Ravie de cette première collaboration artistique, l’entreprise reçoit cette année le plasticien Pierre Paulin. Résidence d'artiste en entreprise. A l’aube de cette seconde résidence, retour en lumière sur une expérience unique pendant laquelle, employés et artiste, échangent leurs regards et leurs savoir-faire de "transformateurs de matière".
spectres, etc. - Sara Favriau © cneai
Art et mondes du travail
Les résidences d’artistes en entreprise s’appuient sur la charte "Art et mondes du travail", élaborée par des artistes, des entrepreneurs, et des acteurs de l’action culturelle. Cette charte promeut la présence de l’art sur les lieux de travail dans tous les secteurs d'activité.
Philippe Normand, directeur de La Compagnie française du Bouton, a découvert le programme "Résidence d’artistes en entreprise" grâce à Réseau Entreprendre 93. L’entrepreneur pantinois a vu dans ce projet l’occasion pour son personnel de "valoriser à leurs propres yeux leur création quotidienne d'un objet utile, mais "beau"." A l’initiative du service Arts plastiques de la DRAC Ile-de-France, c’est un projet de résidence de recherche et de création qui s’est mis en place. Associant la Compagnie française du Bouton, le cneai et la sculptrice Sara Favriau, cette résidence "tournée vers la rencontre et l'échange, ouverte aux surprises et aux expérimentations nouvelles" selon les mots-mêmes de l’artiste, accorde une place centrale à l'exploration.
Une carte blanche "particulièrement pertinente" selon le directeur de l’entreprise, "puisqu’en l’absence de contrainte ou de projet, l’artiste, ayant trouvé son inspiration dans notre métier, a finalement créé une œuvre directement inspirée de nos produits." Cette démarche a permis aux employés de La Compagnie Française du Bouton de poser un regard nouveau sur leur travail, devenu source d’inspiration et matière à exposition.

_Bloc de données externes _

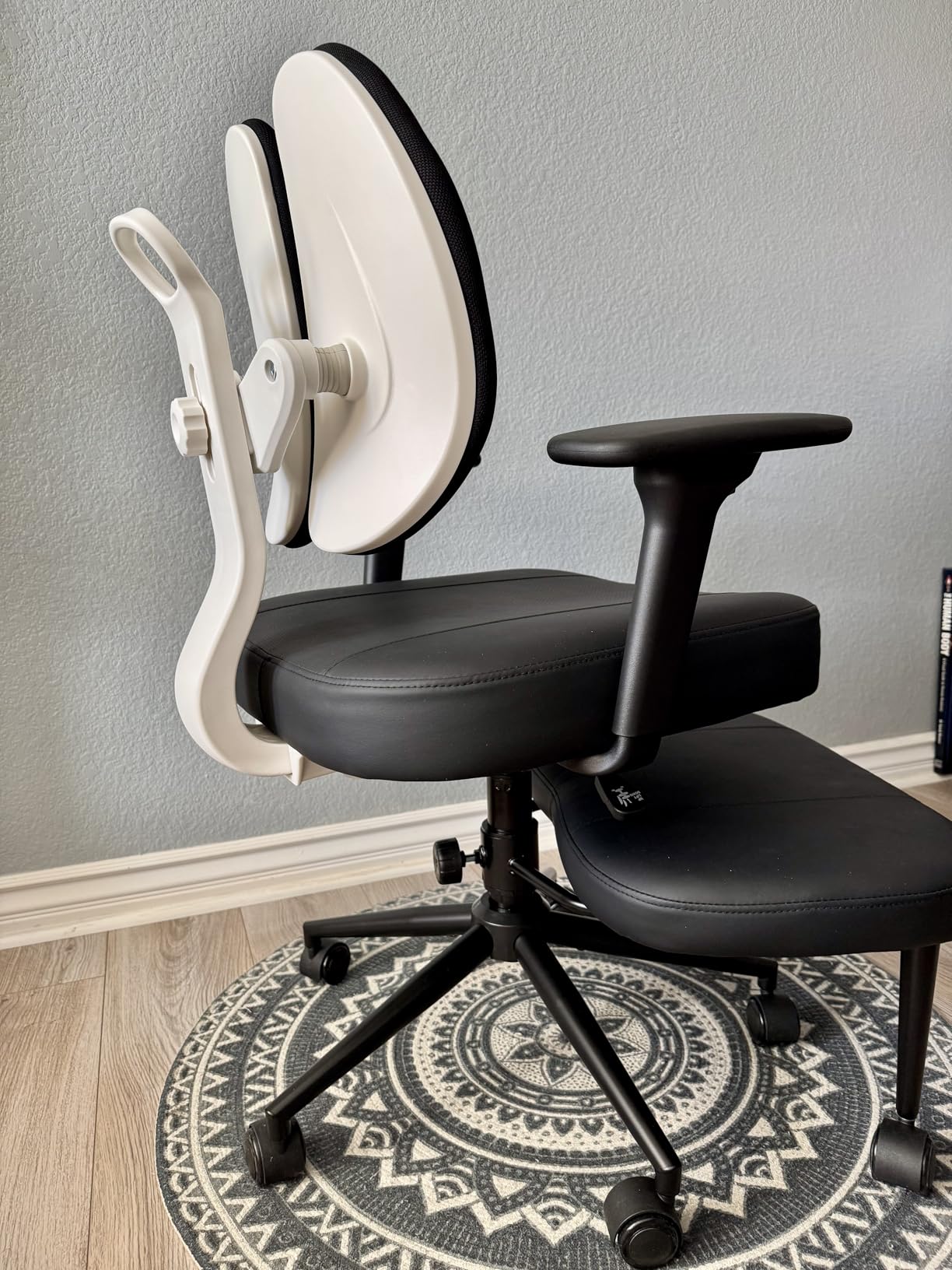 AreShark Criss Cross Office Chair with Armrest Wheels & Stretchable Rotating Footrest, Ergonomic Cross Legged Swivel Chair with Back Support & Adjustable Height for Yoga Kneeling Meditation Home Office customer photo 2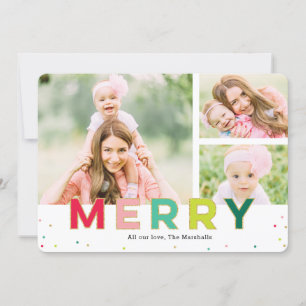 Fantastiskt Merry 3 Photo Modern Helgdag Card Julkort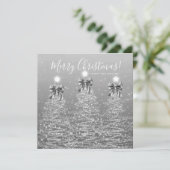 Elegant Holiday Silver Christmas Trees Greeting  シーズンカード (スタンド正面)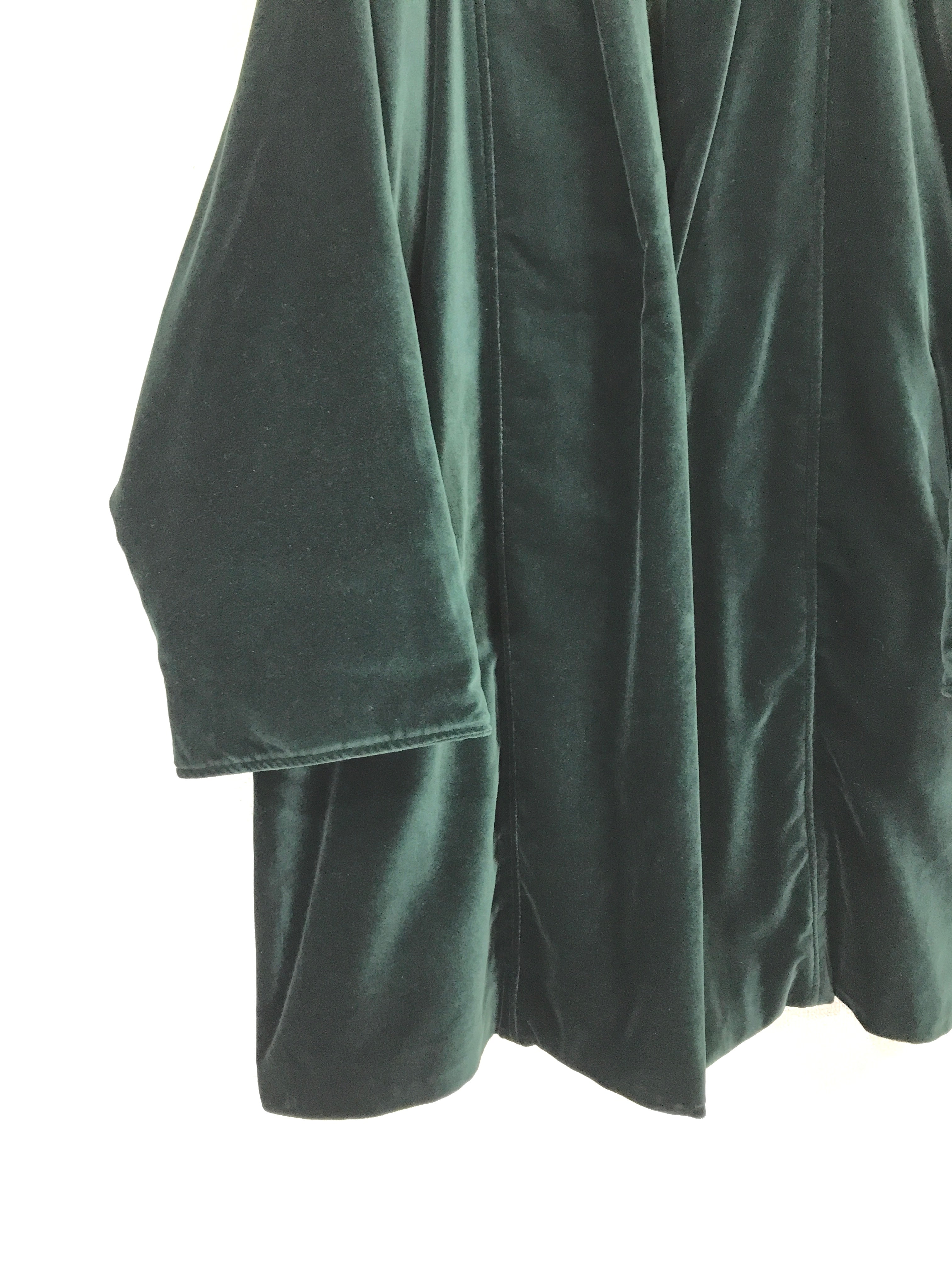 80’s Italian made cotton velvet shawl collar buttonless coat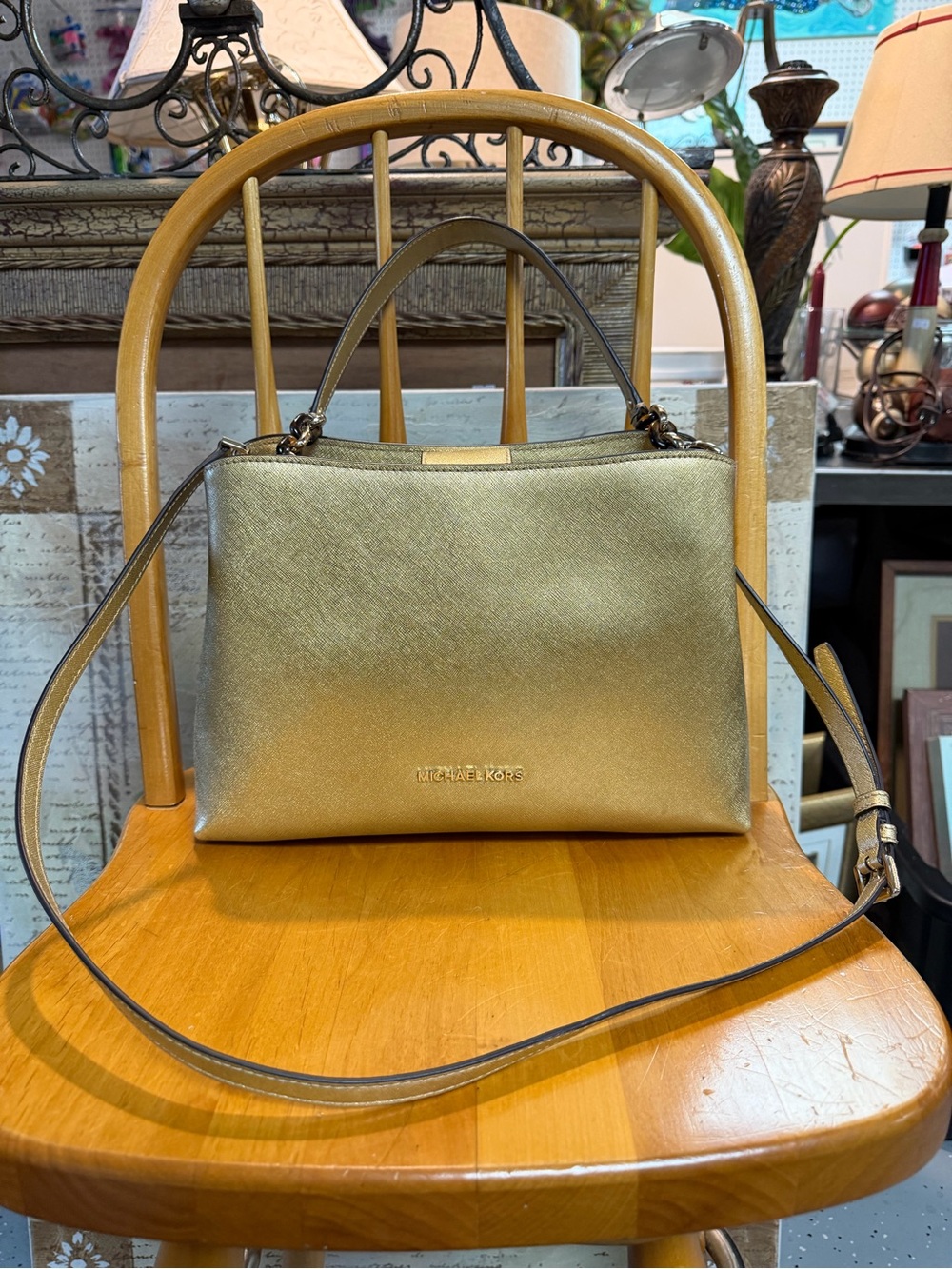 Michael Kors Metallic Gold Saffiano Leather Shoulder Bag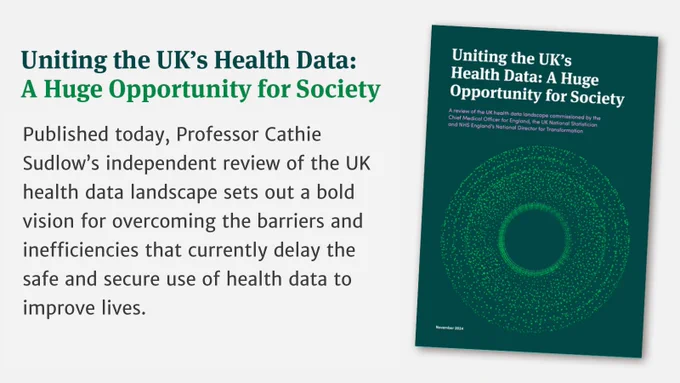 Published today, Professor Cathie Sudlow's review of the UK health data landscape sets out a bold vision for overcoming the barriers that delay the safe, secure use of health data to improve lives.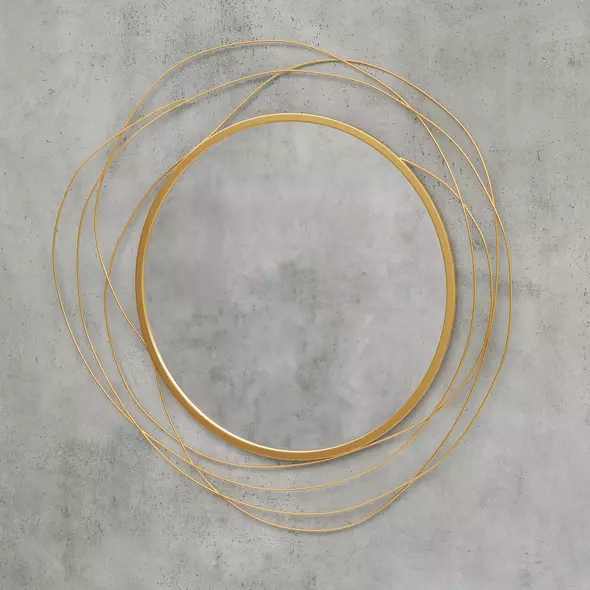 HOMCOM Abstract Metal Wire Wall Mirror, with Accessories - Gold Tone - 9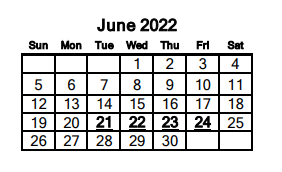 District School Academic Calendar for Frank Newman Middle for June 2022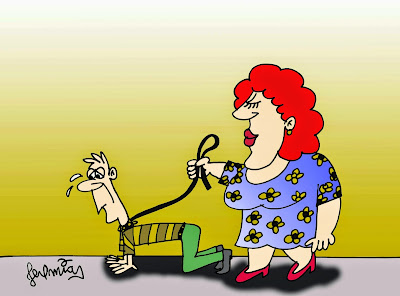Jeremias Cartoons: Homem na coleira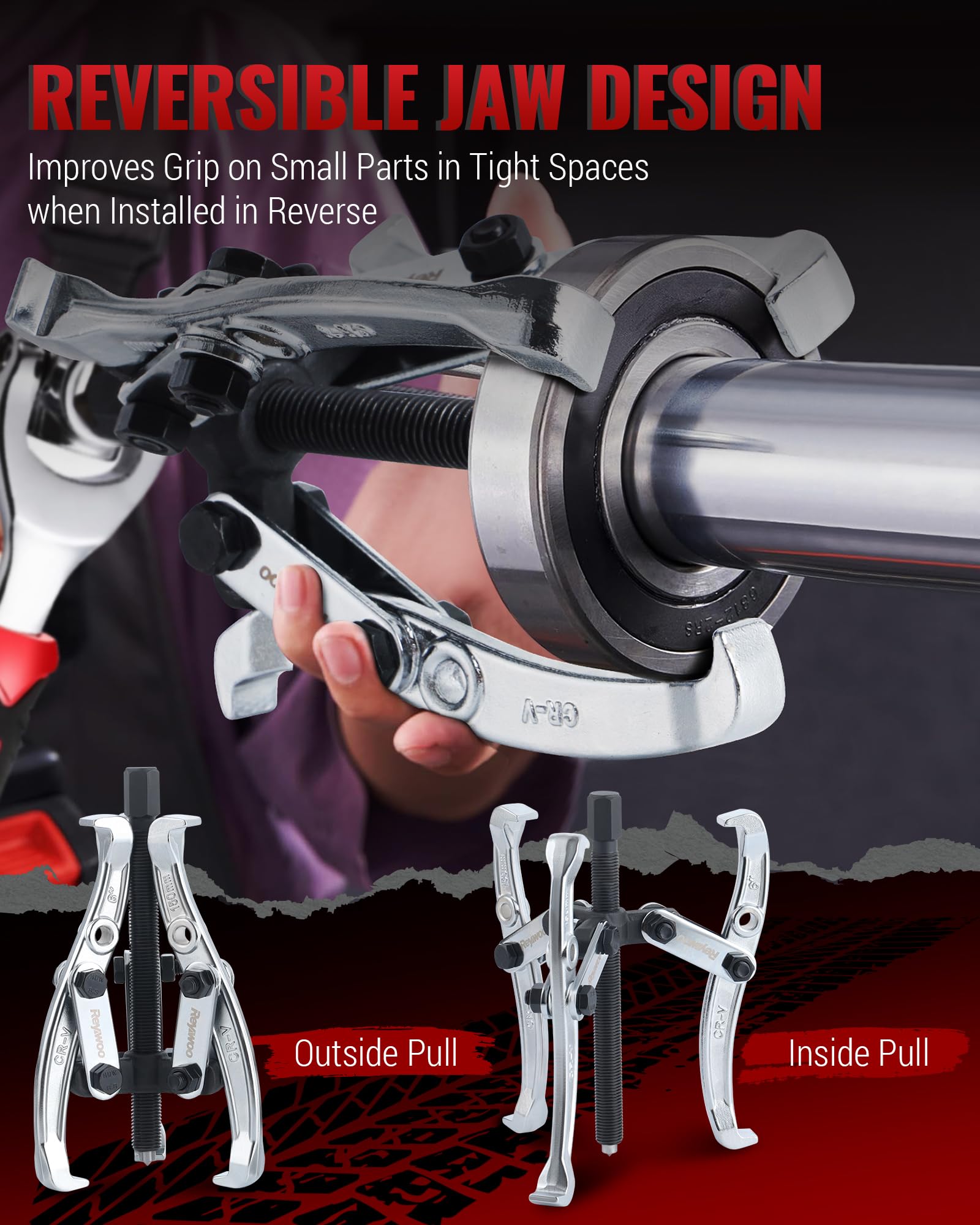 Reywoo Gear Puller Set, 3" 4" 6" 8" Bearing Puller Kit for Pulley Gear Bearing Flywheel Removal, Cr-V Steel 2 Jaw & 3 Jaw Gear Puller with Reversible Jaws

Au contact des matériaux, précieux et délicats, utilisés par l’entreprise pour fabriquer des boutons destinés à de grandes enseignes du luxe, une nouvelle approche du bois et de la sculpture s’est imposée à l’artiste. Dans ses précédents projets, comme la redite, en somme, ne s’amuse pas de sa répétition singulière, ou la convoitise, Sara Favriau avait utilisé des tasseaux de bois sans qualité et rudimentaires pour créer des structures à la fois immenses et chétives, à la lisière des arts décoratifs et du minimalisme, travaillant surtout l'angle et peu la courbe. Dans son exposition personnelle Virgule, ou tout simplement brigands au Cneai en mai 2018, aboutissement de sa résidence en entreprise, Sara Favriau montre comment elle a détourné les boutons de leur fonction utilitaire et revisité ses gestes de sculptrice à une micro-échelle. De ces créations naissent de petites sculptures librement inspirés par la statuaire africaine et rassemblée dans une série intitulée L’âge allié se ferre de bronze. Au cœur de l’exposition, au milieu des statuettes, Sara Favriau a imaginé une sculpture modulaire nommée Les belles manières, dans laquelle les boutons conglomérés et façonnés semblent se changer en forme organique, presque expansive.
les belles manières - Sara Favriau © cneai
A la fin de cette première résidence, le directeur de La Compagnie Française du Bouton notait avec plaisir que l’activité de sculpture de Sara Favriau était entrée en résonance avec l’activité artisanale de son entreprise, toutes deux impliquant une "transformation de la matière". Le bilan positif qu'il a tiré de cette première résidence l'a encouragé à renouveler l'expérience. Mêlant mode, sculpture et poésie, c’est l’artiste Pierre Paulin s’est installé fin 2018 à La Compagnie Française du Bouton.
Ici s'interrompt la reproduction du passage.